Supplied records below:

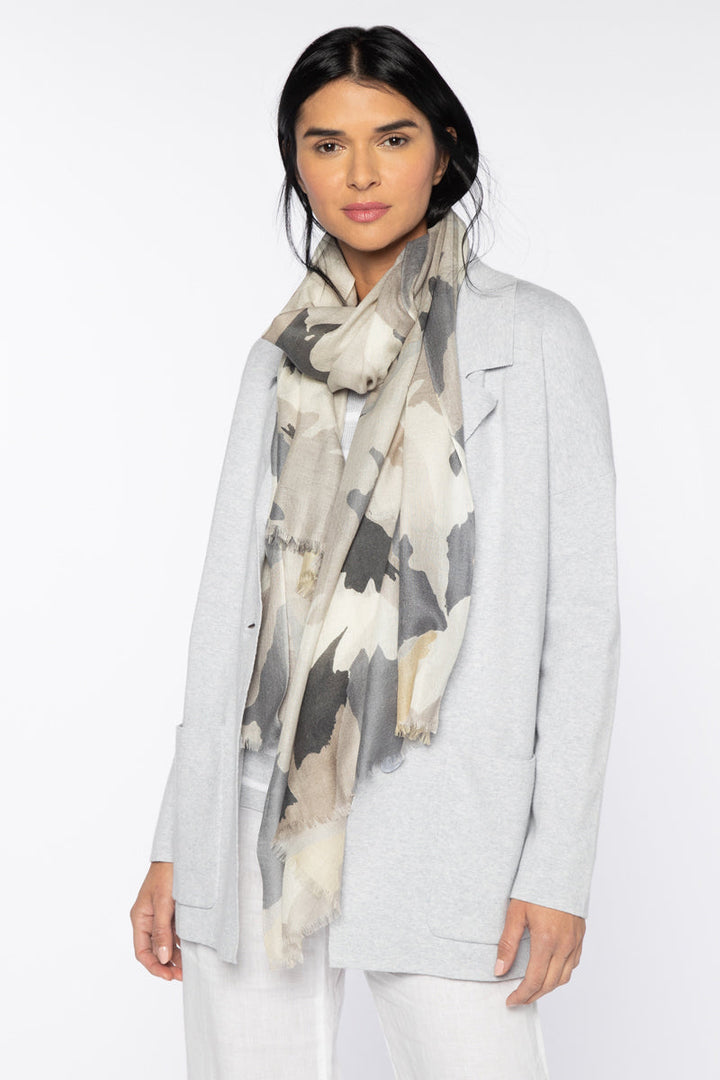 Abstract Leaves Print Scarf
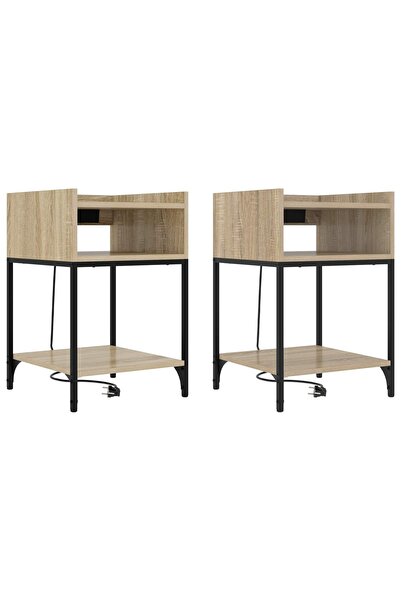 vidaxl Dulap de noapte cu raft 2 pcs Stejar Sonoma 40 x 40 x 61 cm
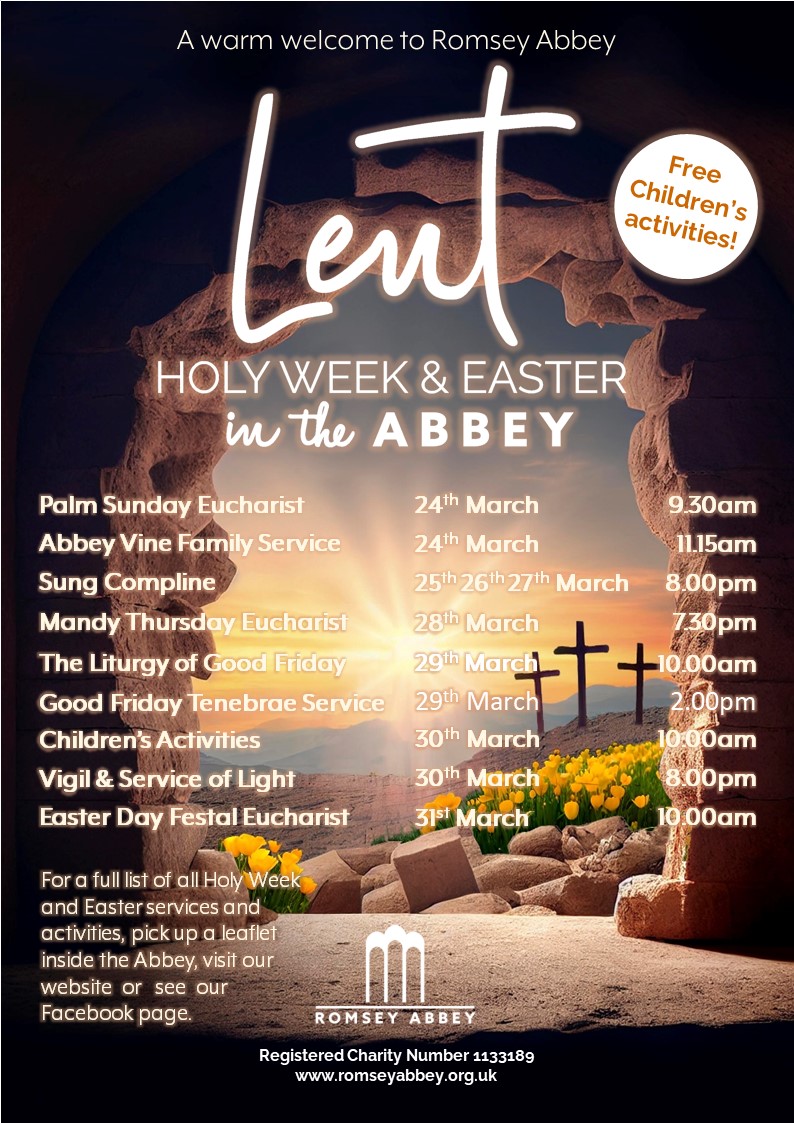 Join us as we journey through Holy Week to Easter. Our services and Events for Holy Week.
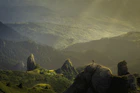 landscape photography of mountain hit by sun rays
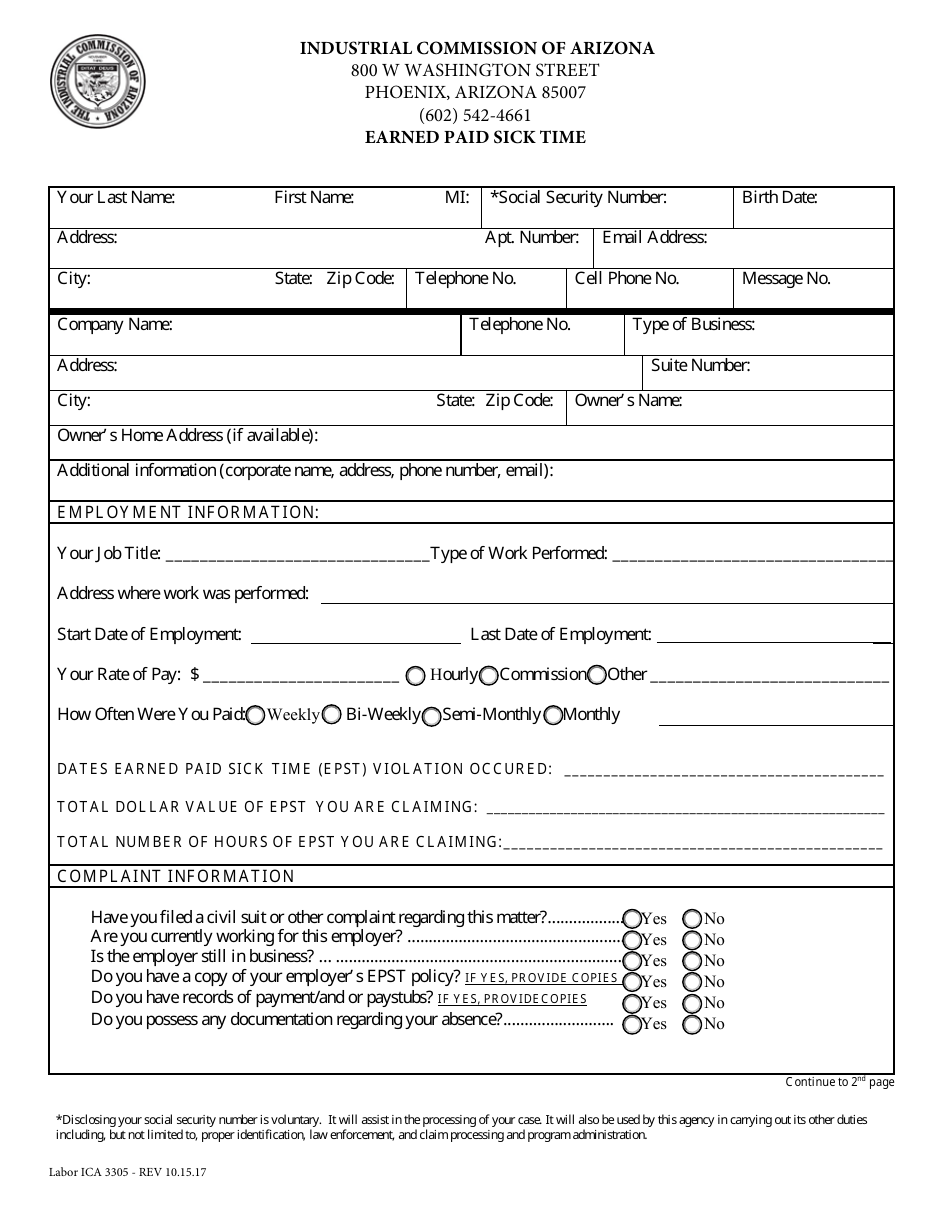 Form Labor ICA3305 Earned Paid Sick Time - Arizona, Page 1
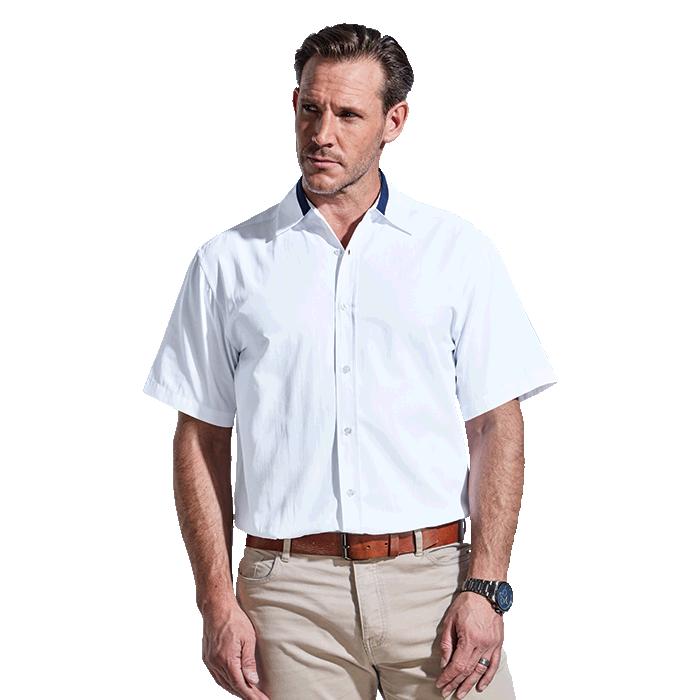 Barron Mens Dallas Lounge Shirt Short Sleeve - Avail in: Navy/Wh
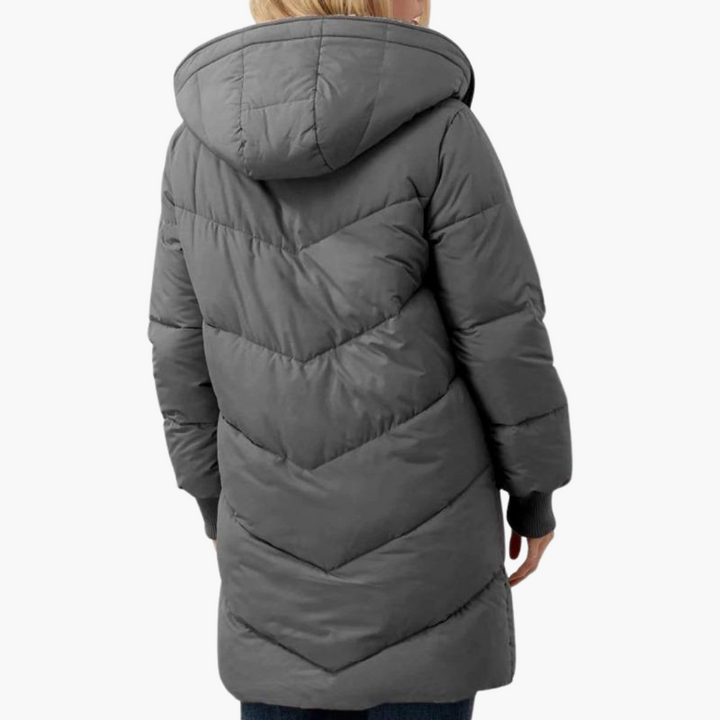 Womens Hooded Puffer Coat with Faux Fur Trim and Longline Fit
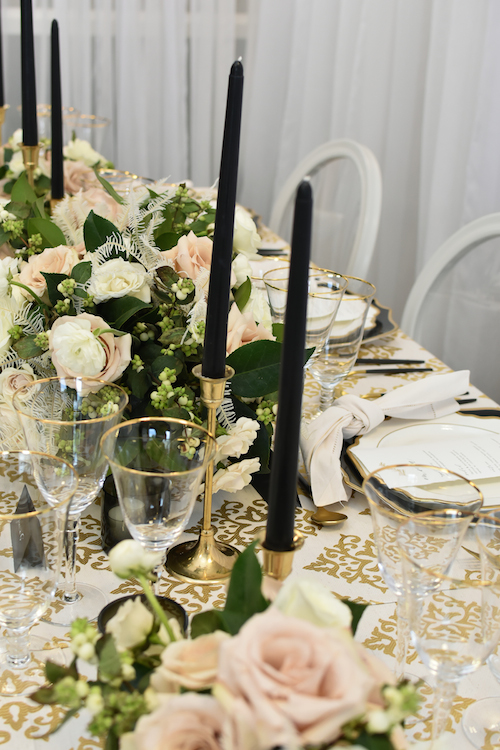 White, Black and Gold Holiday Party Inspiration, DC Event Planner Bright Occasions, Photography by Mary Elizabeth Creative, Relish Catering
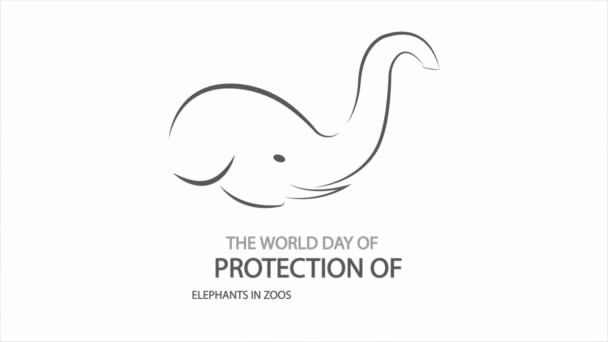 Dia Mundial Proteção Dos Elefantes Nos Zoológicos Ilustração Vídeo Arte — Vídeo de Stock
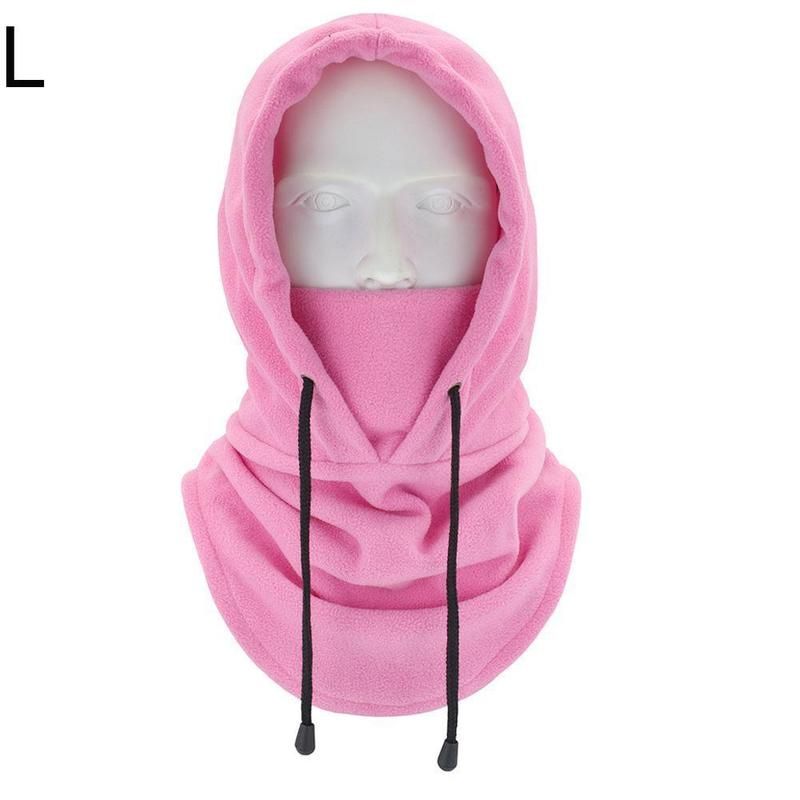 Thermal Fleece Balaclava Hat Hooded Neck Warmer Cycling Face Cover Outdoor Winter Skiing Sport Headgear Men Cycling Masked Caps-Pink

End of Supplied records.

Problem to solve –
Leaving out only the pictures, retype every record exactly.

Solution to this task –
 Abstract Leaves Print Scarf
 vidaxl Dulap de noapte cu raft 2 pcs Stejar Sonoma 40 x 40 x 61 cm
 Join us as we journey through Holy Week to Easter. Our services and Events for Holy Week.
 landscape photography of mountain hit by sun rays
 Form Labor ICA3305 Earned Paid Sick Time - Arizona, Page 1
 Barron Mens Dallas Lounge Shirt Short Sleeve - Avail in: Navy/Wh
 Womens Hooded Puffer Coat with Faux Fur Trim and Longline Fit
 White, Black and Gold Holiday Party Inspiration, DC Event Planner Bright Occasions, Photography by Mary Elizabeth Creative, Relish Catering
 Dia Mundial Proteção Dos Elefantes Nos Zoológicos Ilustração Vídeo Arte — Vídeo de Stock
 Thermal Fleece Balaclava Hat Hooded Neck Warmer Cycling Face Cover Outdoor Winter Skiing Sport Headgear Men Cycling Masked Caps-Pink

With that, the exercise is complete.